» **Extracted records**

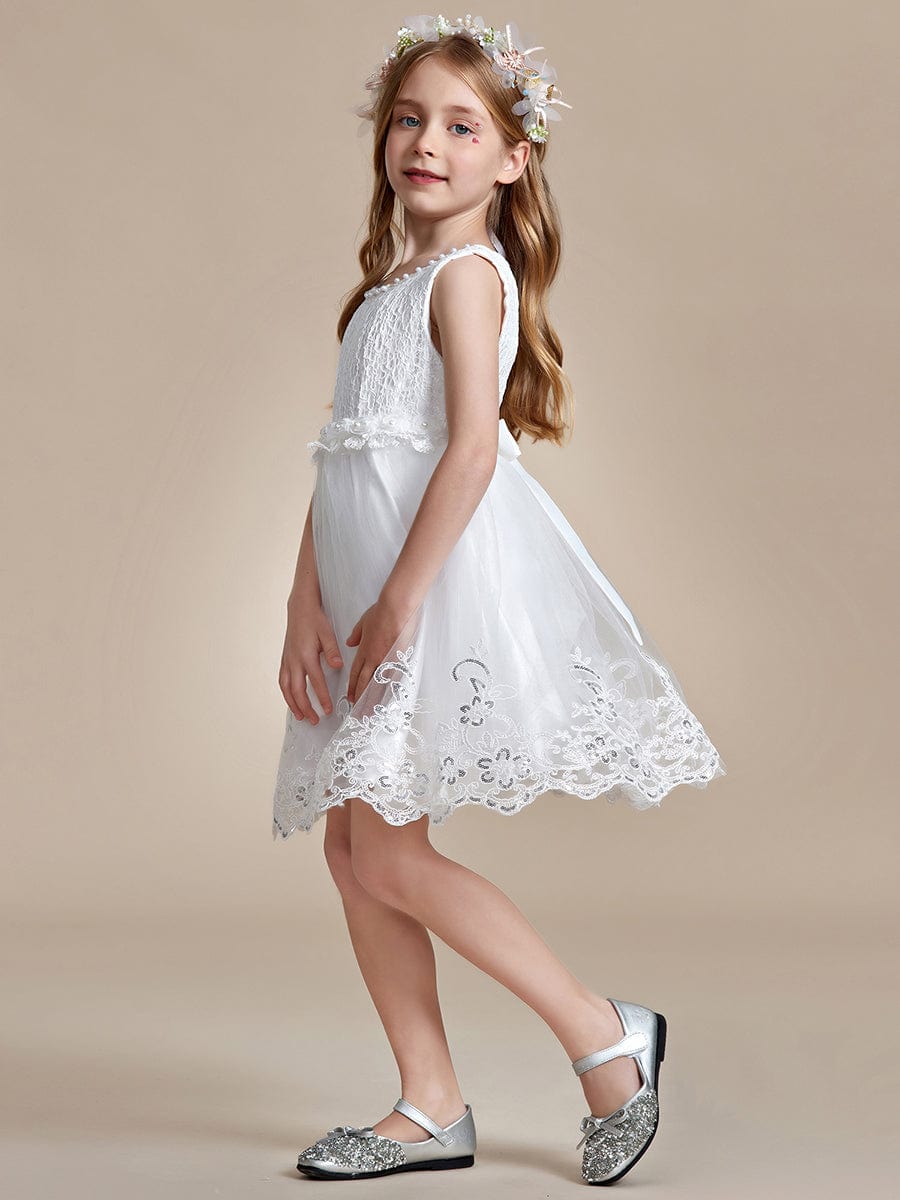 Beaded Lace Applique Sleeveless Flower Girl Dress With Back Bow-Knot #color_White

...

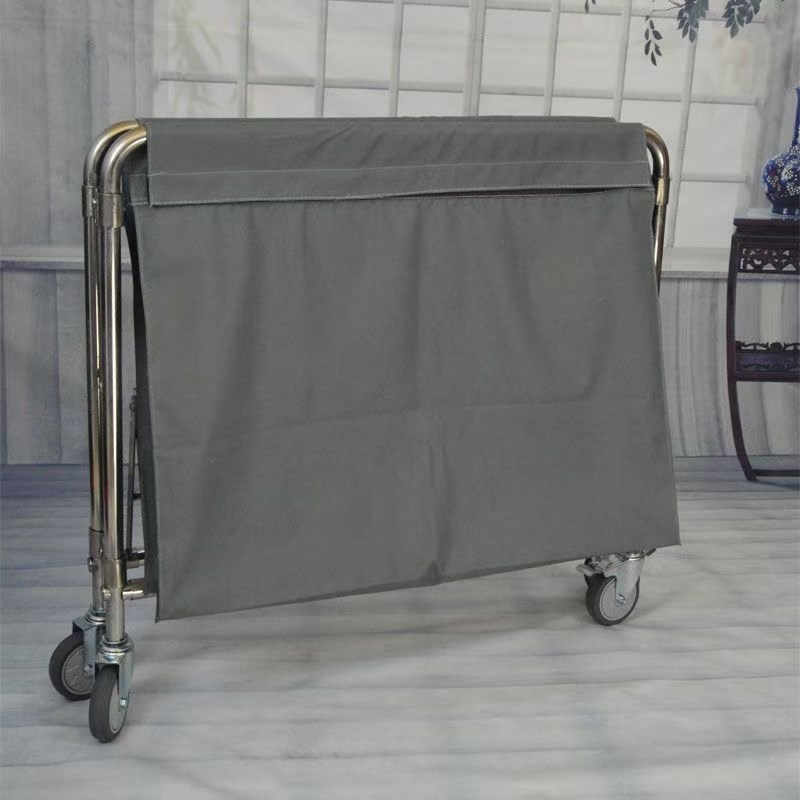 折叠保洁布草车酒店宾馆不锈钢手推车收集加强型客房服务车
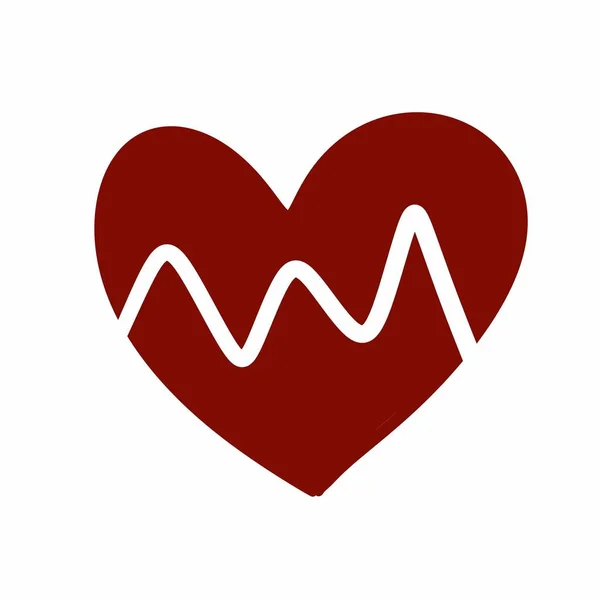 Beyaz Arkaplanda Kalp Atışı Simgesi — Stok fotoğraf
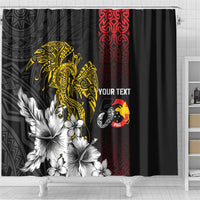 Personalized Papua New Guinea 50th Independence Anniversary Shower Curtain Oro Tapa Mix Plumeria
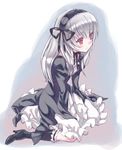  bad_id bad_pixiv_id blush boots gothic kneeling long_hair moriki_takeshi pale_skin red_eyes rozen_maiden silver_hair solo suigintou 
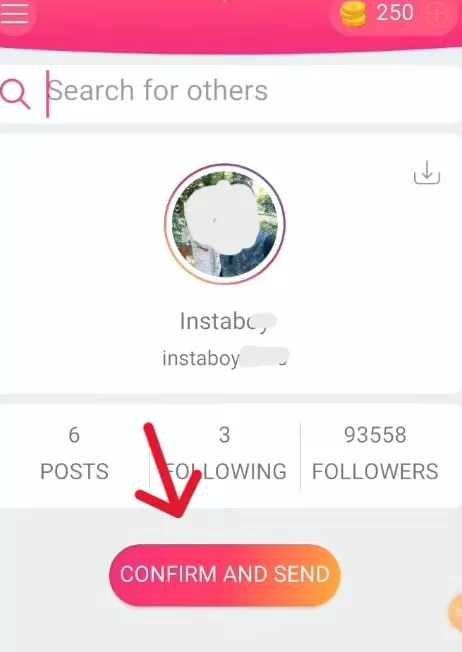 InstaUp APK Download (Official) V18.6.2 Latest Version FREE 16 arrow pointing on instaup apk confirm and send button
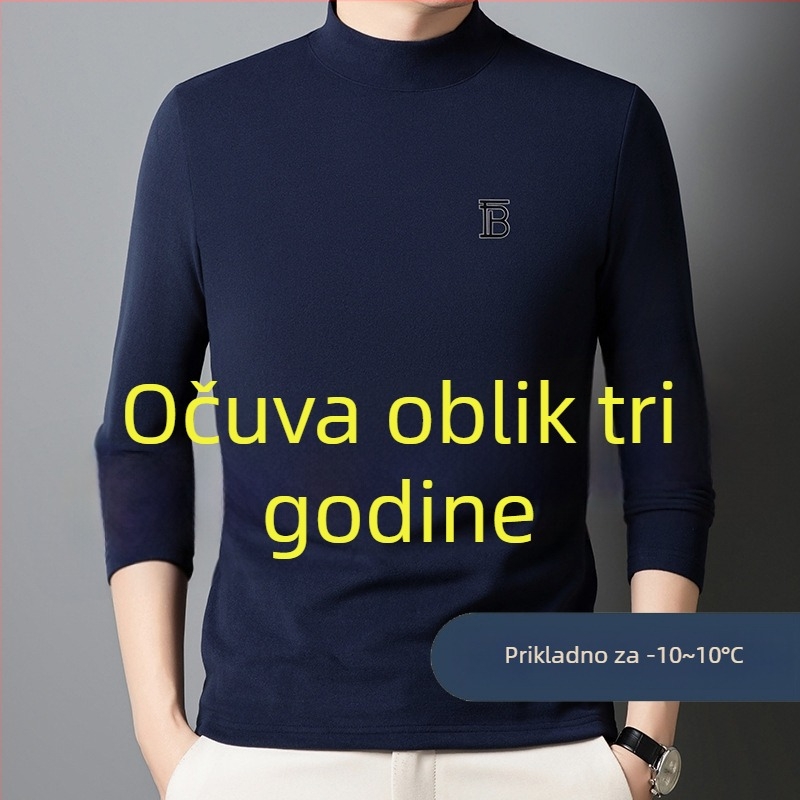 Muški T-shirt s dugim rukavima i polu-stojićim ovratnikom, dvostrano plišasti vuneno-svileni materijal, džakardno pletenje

» **Task brief**
From the records above, copy exactly the lines starting at the one with "Beyaz Arkaplanda Kalp" and ending at the one with "Muški T-shirt s", and no others. Pictures stay out.

» **Exercise output**
 Beyaz Arkaplanda Kalp Atışı Simgesi — Stok fotoğraf
 Personalized Papua New Guinea 50th Independence Anniversary Shower Curtain Oro Tapa Mix Plumeria
  bad_id bad_pixiv_id blush boots gothic kneeling long_hair moriki_takeshi pale_skin red_eyes rozen_maiden silver_hair solo suigintou 
 InstaUp APK Download (Official) V18.6.2 Latest Version FREE 16 arrow pointing on instaup apk confirm and send button
 Muški T-shirt s dugim rukavima i polu-stojićim ovratnikom, dvostrano plišasti vuneno-svileni materijal, džakardno pletenje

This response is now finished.